Of course, we all know that he went on to be George W. Bush’s Foreign Secretary and dispatched his duties with more of a presidential air than George Bush himself. It is a mark of the man’s intelligence that he had the great sense to say no to the opportunity, if it was an opportunity. Frankly, the position is so fraught with stress and challenge that I wonder at the mentality of all those who actually want to hold the office.

Black people have been told for so long that we were incapable of doing anything significant. We knew better, and in many ways where we got the opportunity we have been proving our capability, so we knew that we could do as well or make as much of a mess as any white man.
With that in mind it gave every black person in the world a great sense of satisfaction when the Democratic Party confirmed Barak Obama as its Nominee. Many of us might have been wanting for Hilary Clinton to get the selection as she would have made history as well as the first woman president, and she may still do so, but Barak Obama was the choice, and history was made. Finally, in America, black people were being taken seriously, but more important America had grown up and the paradigm shifted.

Previously, in order to occupy the Oval Office you had to be a white male. Anytime artificial criteria are set, that automatically means that real talent possibly will be overlooked. America had finally decided to choose on the basis on who they thought might be best for the job without regard to sex or colour, and that was a sea change.

America was at a place in its history that was so bad that the only thing that seemed left to be done was to push the “flush” button. The last thing that we really wanted to happen was that a black person be appointed to such an impossible job. If he fails that would likely set people’s impressions back centuries and confirm what the nay -sayers had been saying all along. We have seen how the American people can trash a president they don’t like, and my friends and I did not want to wish that on Mr. Obama, simply to make the point that America had a black president.
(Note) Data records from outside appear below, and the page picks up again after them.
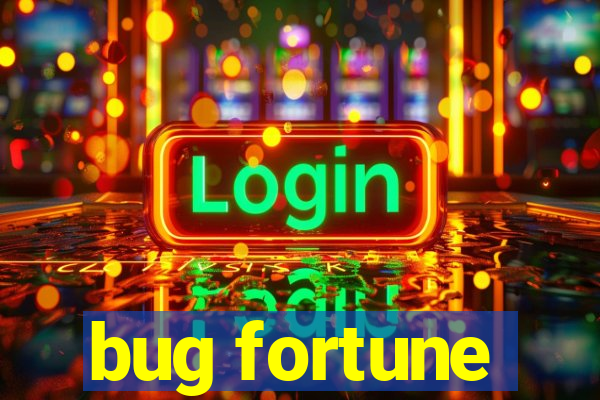 bug fortune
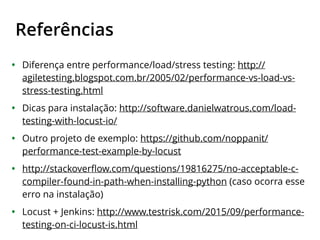 Referências
• Diferença entre performance/load/stress testing: http://
agiletesting.blogspot.com.br/2005/02/performance-vs-load-vs-
stress-testing.html
• Dicas para instalação: http://software.danielwatrous.com/load-
testing-with-locust-io/
• Outro projeto de exemplo: https://github.com/noppanit/
performance-test-example-by-locust
• http://stackoverﬂow.com/questions/19816275/no-acceptable-c-
compiler-found-in-path-when-installing-python (caso ocorra esse
erro na instalação)
• Locust + Jenkins: http://www.testrisk.com/2015/09/performance-
testing-on-ci-locust-is.html
 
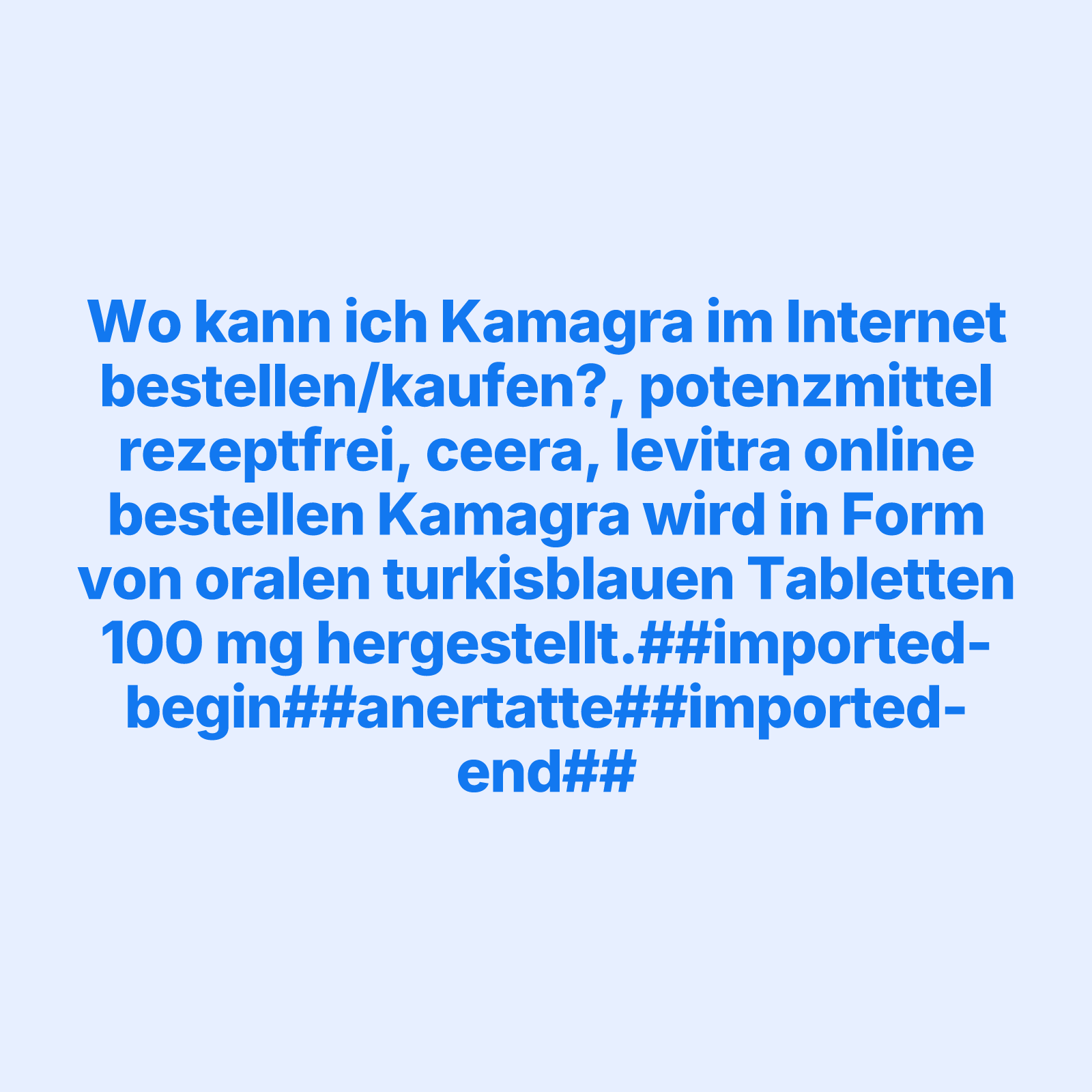 Kamagra tabletten bestellen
Barak Obama has come to the world stage with a clean background and he has conducted himself with dignity and with confidence. He has made very few mistakes along the way, and he has played the political game with shrewdness and aplomb. He has achieved certain things, in the words of former President John F. Kennedy, not because they were easy, but because they were difficult, such as health care reform.

He is a joy to listen to as a speaker, and now, he has pulled off the ultimate success in taking down Osama bin Laden, America’s most wanted man, dead or alive. He is only a politician, not God, but he acts very much like the ideal President, and whether one agrees with his political views or not, he is a credit to black people and he is setting the stage for other black candidates, and also women candidates. Hilary Clinton could possibly sail into office in 2016, partly on the basis of his continued success, and the stage might be set for a candidate whose name absolutely warms my heart: Condoleezza Rice.